L’Achoura est un jour de commémoration important dans l’Islam. Plus de 1 340 ans après la mort d’Hussein, elle est célébrée chaque année le dixième jour de Muharram, le premier mois du calendrier islamique. Ce jour commémore le martyre du petit-fils du prophète Mahomet, Hussein, qui a joué un rôle essentiel dans la formation de la foi chiite. De nombreux Iraniens se sont également rendus dans la ville irakienne de Karbala, où Hussein est enterré dans un sanctuaire au dôme doré, pour se recueillir.

Les musulmans chiites d’Iran commémorent le jour de deuil de l’Achoura par des processions

Le récit de l’Achoura, qui dépeint la lutte des opprimés contre la tyrannie, inspire et anime depuis longtemps les mouvements sociaux et politiques dans le monde musulman.
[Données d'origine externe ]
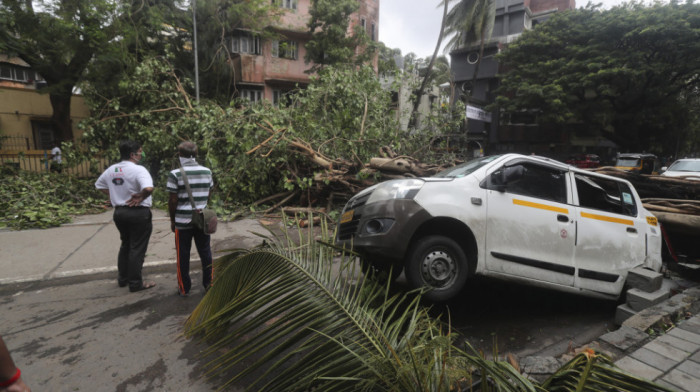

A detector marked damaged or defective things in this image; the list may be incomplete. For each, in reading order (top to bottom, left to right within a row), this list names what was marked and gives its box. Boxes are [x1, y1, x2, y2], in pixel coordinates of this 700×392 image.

damaged white car [336, 153, 664, 300]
En Iran, en janvier 2010, une manifestation massive de l’Achoura a marqué un tournant décisif contre Khamenei. Des jeunes et des membres de la classe moyenne supérieure sont descendus dans la rue à Achoura pour contester les résultats de l’élection présidentielle.

  • Cette année, l’Achoura a été différente en raison de la politisation généralisée et remarquable visant directement les dirigeants du régime, qui avaient mis en garde contre toute protestation. Toutefois, les médias sociaux ont fait état de la brève détention de certains chanteurs de premier plan. En voici quelques exemples :
  • Les habitants de Natanz ont protesté contre l’exploitation de mines de travertin dans la zone protégée des Vautours, qui causaient la destruction de l’environnement et la pollution de l’air, et ont interrompu les activités de la mine. Ils ont scandé « Au nom de Hussein, extirpe les ténèbres ».
  • Lors d’une cérémonie de deuil pour Achoura, les habitants de Jabalbarez dans la ville de Jiroft, dans la province de Kerman, ont protesté contre le manque d’approvisionnement en eau.

Lors de la cérémonie de commémoration de l’Achoura, les habitants de la région de Rabat Posht Bam, dans la ville d’Erdegan, se sont rassemblés devant le poste de police pour protester contre le creusement de puits profonds dans leur région, qui nuit aux champs et aux canaux.

La mère d’Abolfazl Adinezadeh, martyr du mouvement pour la liberté, a allumé une bougie sur la tombe de son fils le soir de l’Achoura.

Au coucher du soleil de l’Achoura, Zahra, la sœur du martyr Milad Saedianjo, a partagé sur Instagram une histoire à la mémoire de sa sœur.

Les familles du massacre de 1988 ont passé le jour et la nuit de l’Achoura sur les tombes de leurs proches. Elles ont dit : « Karbala est ici ; l’oppresseur règne toujours ».

Le jour de l’Achoura, dans la ville de Hamedan (ouest de l’Iran), la police des mœurs (organisation chargée de faire appliquer la loi sur le port obligatoire du voile et d’autres mesures strictes qui touchent les femmes de manière disproportionnée) a emmené deux jeunes filles de 16 ans dans une maison d’arrêt parce qu’elles ne portaient pas le voile. Lorsqu’elles ont résisté, elles ont été détenues dans un magasin jusqu’à l’arrivée de la voiture de patrouille de l’Irshad.

Le 16 juillet 2024, les Iraniens ont célébré l’Achoura, qui commémore le martyre du petit-fils du prophète Mahomet, Hussein. Cette journée a été marquée par des rituels de deuil traditionnels et des décorations symbolisant la dévotion des chiites. Cette année, l’Achoura a été marquée par d’importantes protestations politiques contre le régime, avec des manifestations dans plusieurs villes sur les questions environnementales et les pénuries d’eau. Les actes personnels de commémoration comprenaient l’allumage de bougies et le partage d’histoires de martyrs. À Hamedan, la police des mœurs a arrêté deux adolescentes parce qu’elles ne portaient pas le voile, ce qui témoigne de la poursuite de l’application de mesures strictes. Cet Achoura a mis en lumière à la fois la dévotion religieuse et la dissidence politique en Iran.